Court grants summary judgment for defendant author and publishers on plaintiff’s copyright infringement claim involving a cookbook for creating healthy foods for kids; court holds that the total look and feel of cookbooks is not substantially similar; that alleged similarities in each book are stock elements of cookbooks for creating healthy meals for kids, and that theme of plaintiff’s book – hiding healthy ingredients in kid-friendly foods – is an idea not subject to copyright protection
Plaintiff’s cookbook, about how to hide vegetables in foods that children like to eat, was published in April, 2007. Defendant Jessica Seinfeld’s cookbook on the same topic was published in October, 2007. Both cookbooks contained an introduction or forward by a doctor, the author’s narrative about struggling to get her children to eat nutritious meals, lists of kitchen appliances and ingredients, instructions for making vegetable purees and storing them for later use, and recipes for incorporating the purees into foods that kids like to eat. Plaintiff’s cookbook also included other techniques for getting children to eat nutritious foods and a description of plaintiff’s food and parenting philosophies.Plaintiff filed suit for, among other things, copyright infringement and trademark infringement. Plaintiff acknowledged that the idea of hiding healthy ingredients in kids’ food is not protected by copyright, but asserted that her book constituted her copyrightable expression of the idea of hiding vegetables “by giving instructions for making vegetable purees in advance, storing them for future use, and then using them in specially created recipes which include the pre-made purees as ingredients.” The court disagreed, stating that plaintiff’s description of the allegedly protected expression “is so abstract as to clearly fall into the category of unprotectible process or idea. It remains nothing more than the very idea that Plaintiffs recognize as unprotectible: hiding vegetables in foods children enjoy.”

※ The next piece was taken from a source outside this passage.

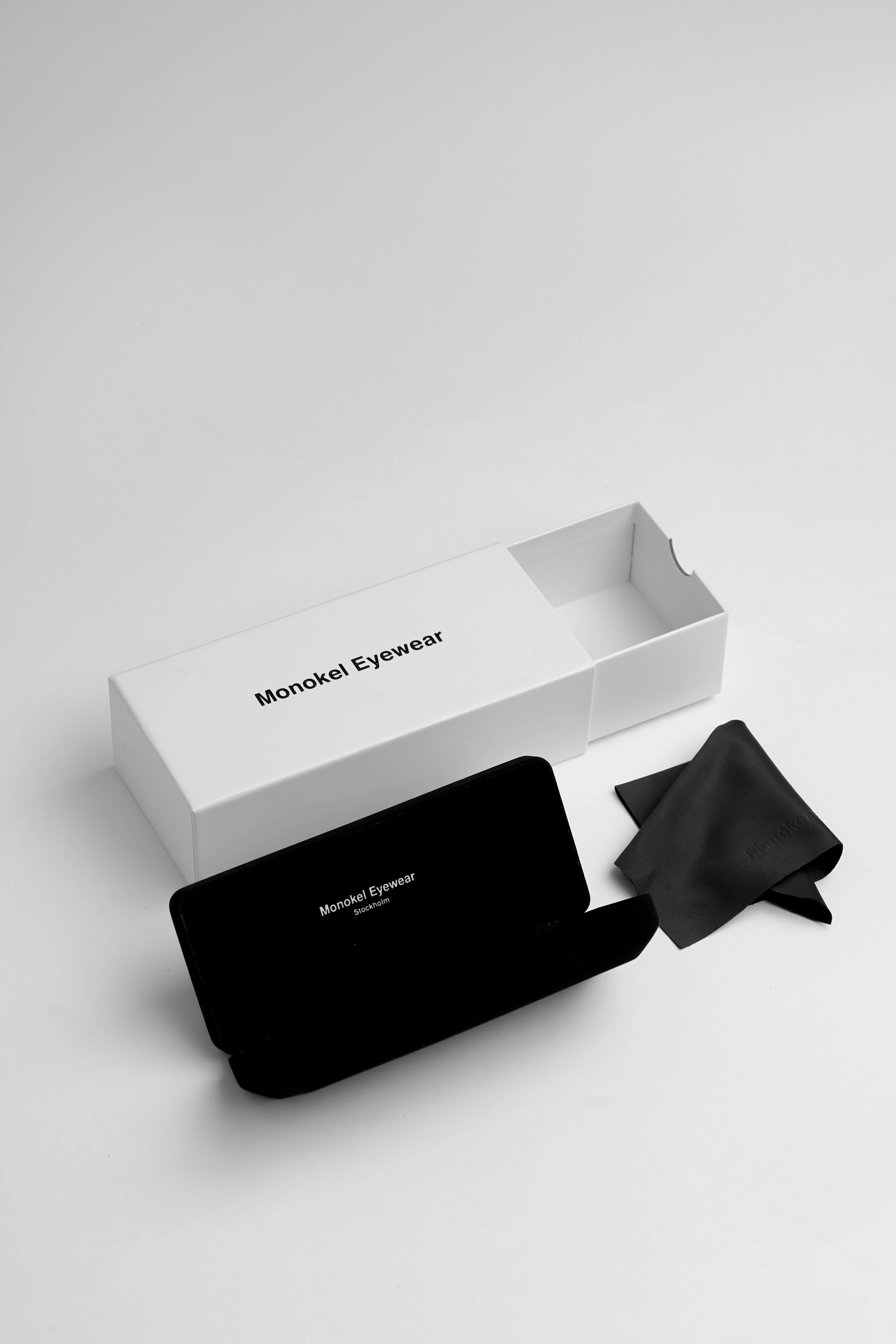 Apollo, Black, Brown Gradient Lens-Solbriller-Monokel Eyewear-Motorious Copenhagen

After finding that the similar theme of the two works was not subject to copyright protection, the court turned to the specific similarities between the two works such as the introduction by a doctor, the author’s narrative, the lists of kitchen appliances and ingredients, instructions for making vegetable purees, and recipes. The court held that these similarities were stock elements of cookbooks about getting healthy ingredients into foods children will eat and thus insufficient to sustain a claim for copyright infringement.
The court also examined the total look and feel of each book. The court held that plaintiff’s book, which is a “dry, rather text-heavy work” and was written by someone with professional training as a chef, is not substantially similar to defendant’s book which is “bright and cheerful” and targets an audience of busy parents with little or no cooking skill.

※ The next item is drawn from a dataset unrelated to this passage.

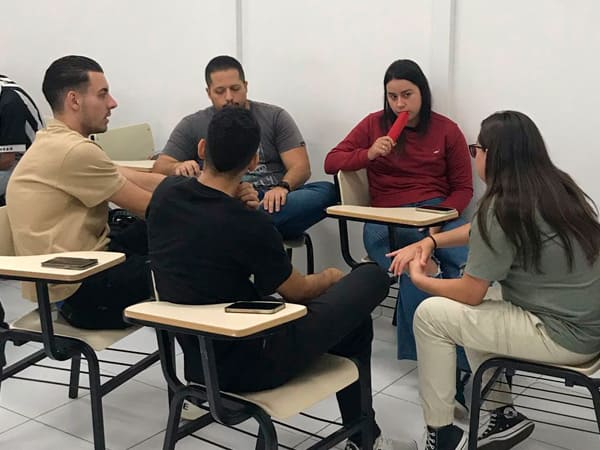 Alunos do UNIESI realizam atividade prática em Administração Financeira: Análise de Custos e Precificação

The court also granted summary judgment for defendants on plaintiff’s trademark infringement claim, finding that plaintiff’s and defendant’s trademarks in the form of the cover drawing on each book were not similar “[e]xcept in the most abstract sense,” and not likely to cause confusion. The court further granted summary judgment for defendants on plaintiff’s unfair competition claim; according to the court, plaintiff’s unfair competition claim is the same as her copyright claim – that defendants took plaintiff’s ideas and used them in their cookbook without plaintiff’s permission and without any attribution as to the source of the ideas and the work – and “[t]his is precisely the type of claim that is precluded by Dastar Corp. v. Twentieth Century Fox Film Corp. [539 U.S. 23 (2003)]”.
Finally, the court declined to exert supplemental jurisdiction over plaintiff’s state law defamation claim against defendant’s husband, Jerry Seinfeld, and over plaintiff’s state law claims for injury to business reputation.